→ **PROBLEM DETAILS**: Print all the records below, word for word and in full.

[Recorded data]
|---|

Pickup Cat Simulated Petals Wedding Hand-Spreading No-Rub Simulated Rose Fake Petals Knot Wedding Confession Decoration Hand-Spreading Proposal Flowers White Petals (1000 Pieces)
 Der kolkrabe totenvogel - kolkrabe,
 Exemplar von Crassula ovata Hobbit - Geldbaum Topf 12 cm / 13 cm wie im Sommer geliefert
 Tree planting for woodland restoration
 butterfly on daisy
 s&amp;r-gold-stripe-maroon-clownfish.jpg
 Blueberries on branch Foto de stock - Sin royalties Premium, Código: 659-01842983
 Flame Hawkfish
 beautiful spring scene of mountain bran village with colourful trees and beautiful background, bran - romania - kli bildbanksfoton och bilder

|---|

→ **RESPONSE FOR THIS EXERCISE**:
Pickup Cat Simulated Petals Wedding Hand-Spreading No-Rub Simulated Rose Fake Petals Knot Wedding Confession Decoration Hand-Spreading Proposal Flowers White Petals (1000 Pieces)
 Der kolkrabe totenvogel - kolkrabe,
 Exemplar von Crassula ovata Hobbit - Geldbaum Topf 12 cm / 13 cm wie im Sommer geliefert
 Tree planting for woodland restoration
 butterfly on daisy
 s&amp;r-gold-stripe-maroon-clownfish.jpg
 Blueberries on branch Foto de stock - Sin royalties Premium, Código: 659-01842983
 Flame Hawkfish
 beautiful spring scene of mountain bran village with colourful trees and beautiful background, bran - romania - kli bildbanksfoton och bilder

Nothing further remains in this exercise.